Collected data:
++++++++++++++++++++

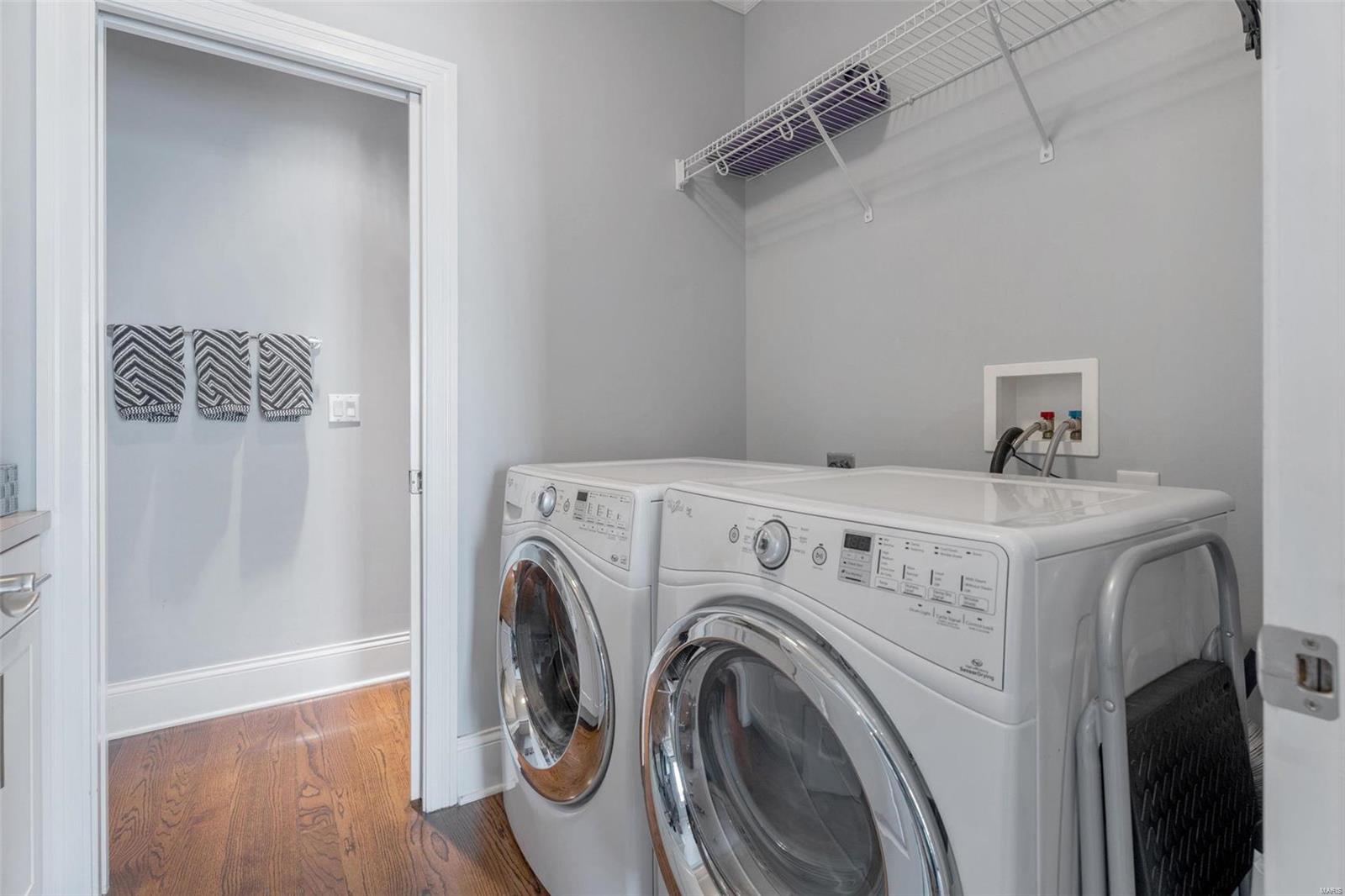 Faron Hill - Residential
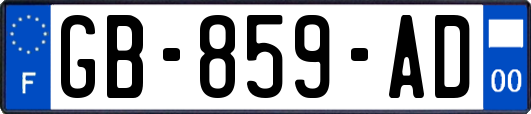 GB-859-AD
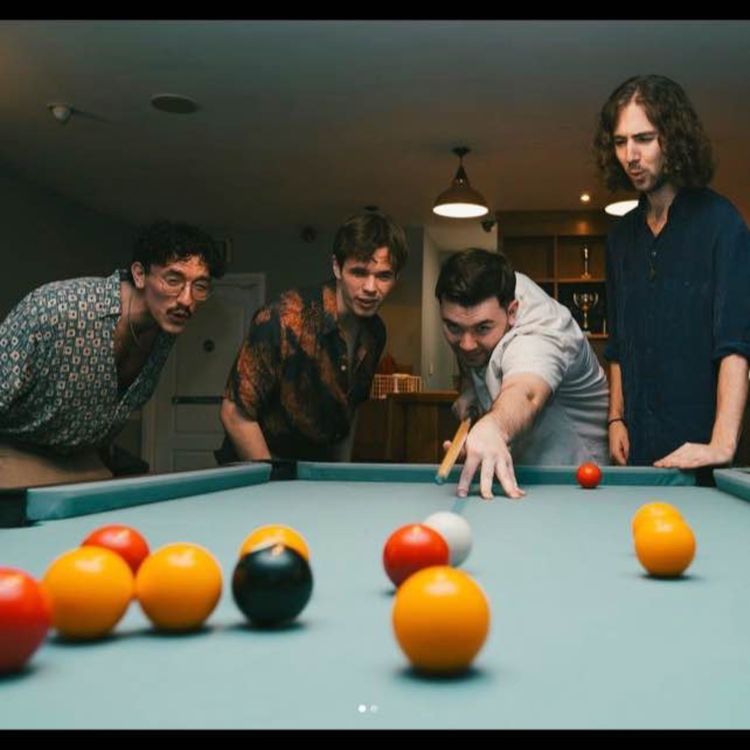 cover art for Making Music with Midnight Motion Picture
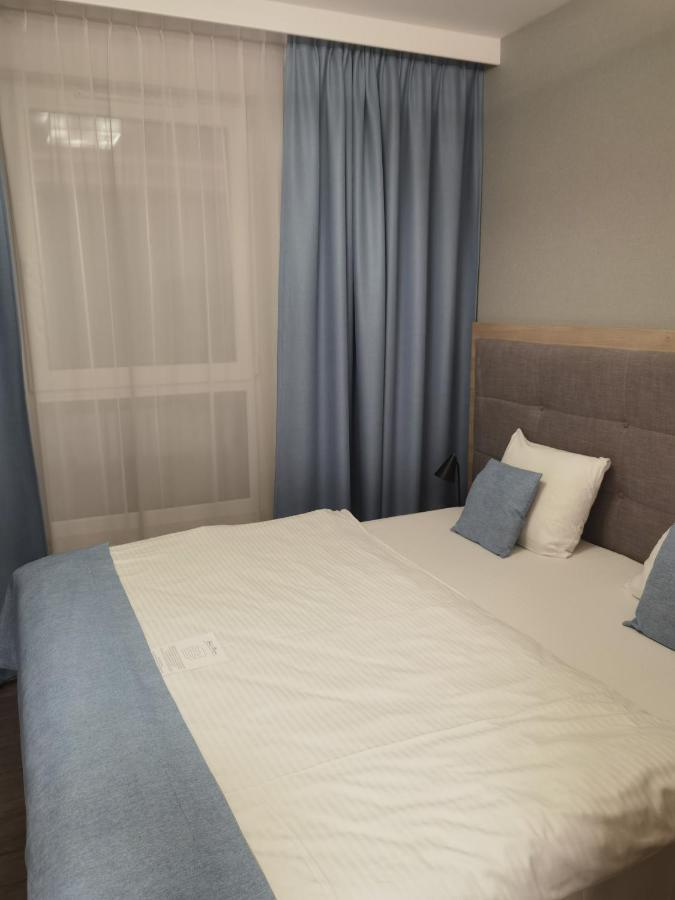 Apartament Meduza w Bel Mare Międzyzdroje Zewnętrze zdjęcie
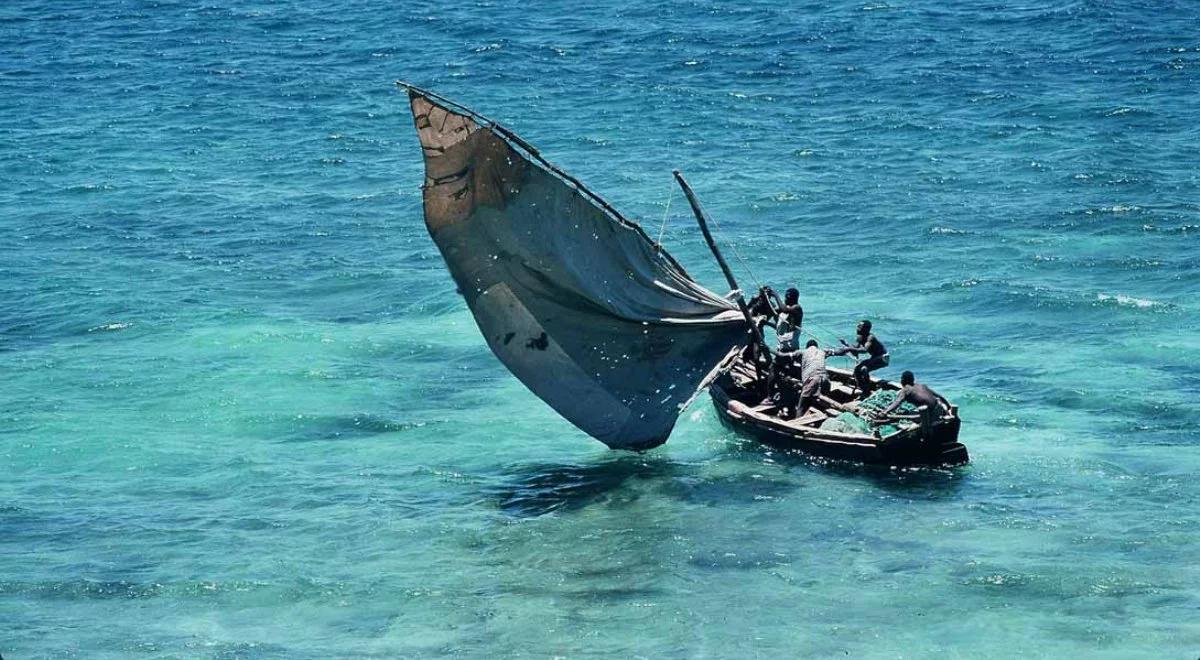 Mozambik: w poszukiwaniu tożsamości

++++++++++++++++++++

▶ **EXERCISE**: With the pictures removed, return all the entries exactly.

▶ **TASK OUTPUT**:
 Faron Hill - Residential
 GB-859-AD
 cover art for Making Music with Midnight Motion Picture
 Apartament Meduza w Bel Mare Międzyzdroje Zewnętrze zdjęcie
 Mozambik: w poszukiwaniu tożsamości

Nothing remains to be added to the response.